Tommy Wieringa décrit notre vieille Europe et ses dysfonctionnements, avec, au cœur du récit, ceux qui n’ont rien vu venir, ou n’ont pas pu faire face et qui se retrouvent en perdition face à l’accélération sans borne du changement. Comment trouver une place ?
L’histoire de Paul, de Hedwiges, de Rita et des autres se laisse lire d’autant que l’auteur y développe un humour subtil, avec un sens de la formule et du raccourci qui font sourire. Une belle manière d’aborder cette tranche d’histoire relative au changement, au temps qui passe alors que nous restons… Mais, ce n’est pas le plus intéressant à mes yeux.
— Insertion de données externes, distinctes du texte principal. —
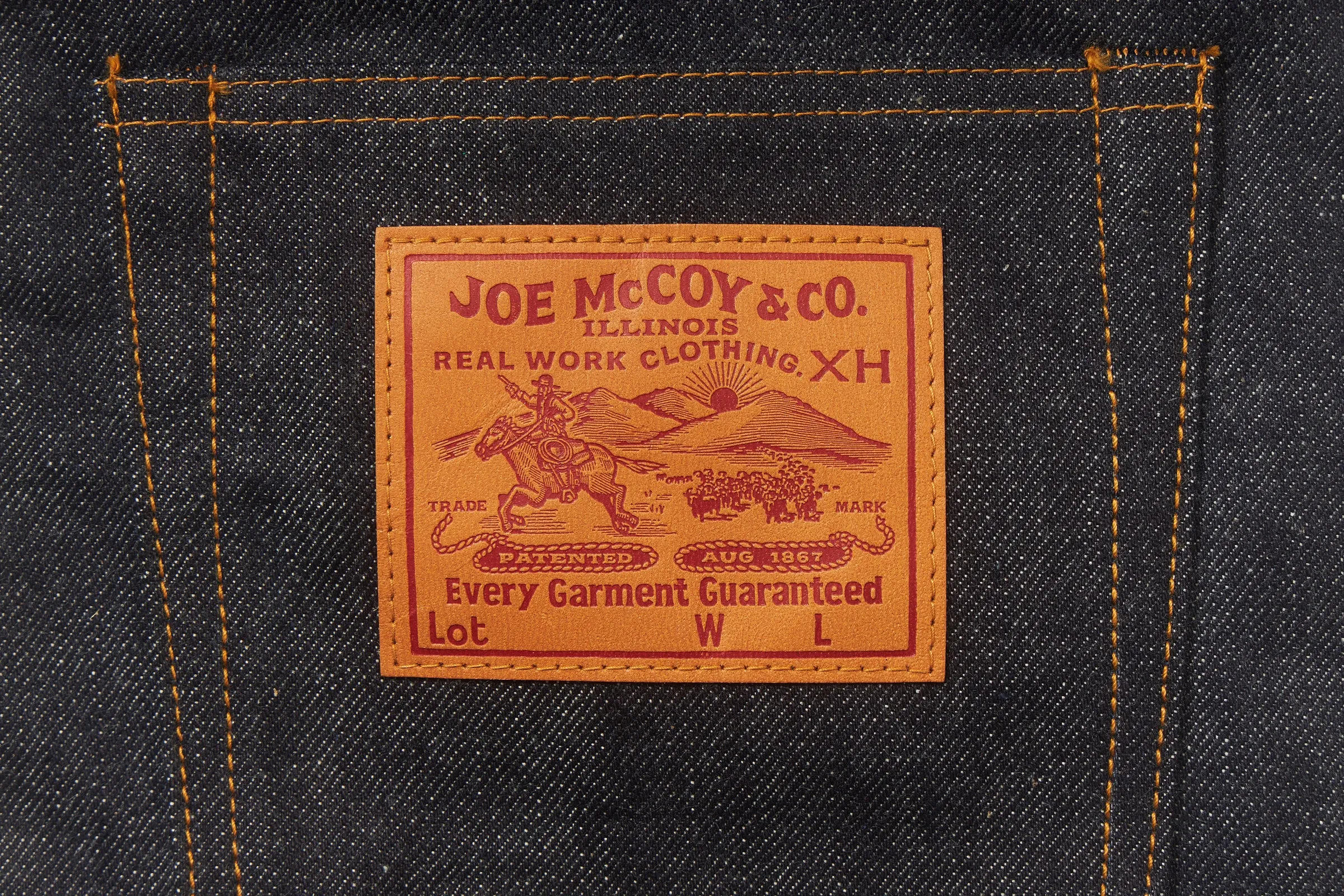 JOE McCOY DENIM SOUVENIR MINI BAG sold by The Real McCoy's product image thumbnail 4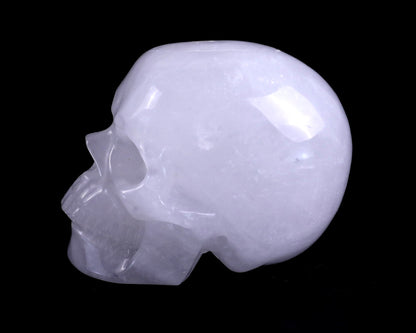 Nicedony 3.0" Angolan Quartz Hand Carved Realistic Skull Sculpture - View 7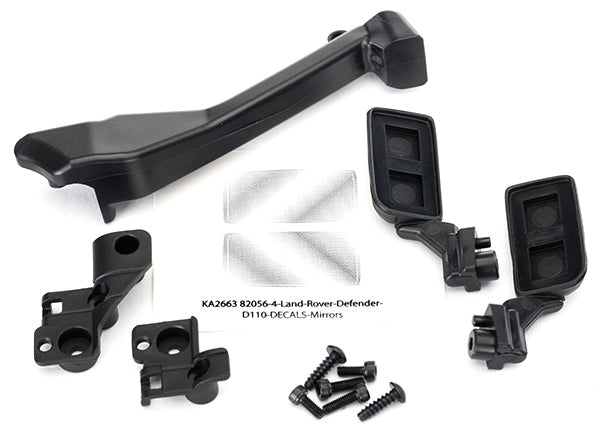 TRAXXAS 8020 TRX-4 Land Rover Defender Mirrors, side left and right snorkel mounting hardware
En effet, comment ne pas être sensible à ce regard de l’auteur sur la solitude de nos vieux, le manque d’aide apportée aux aidants, les blessures que la vie impose à tous ceux qui n’ont pas réussi à vivre selon le modèle consensuel qu’ils n’arrivent ni à identifier, ni à comprendre, encore moins à endosser ?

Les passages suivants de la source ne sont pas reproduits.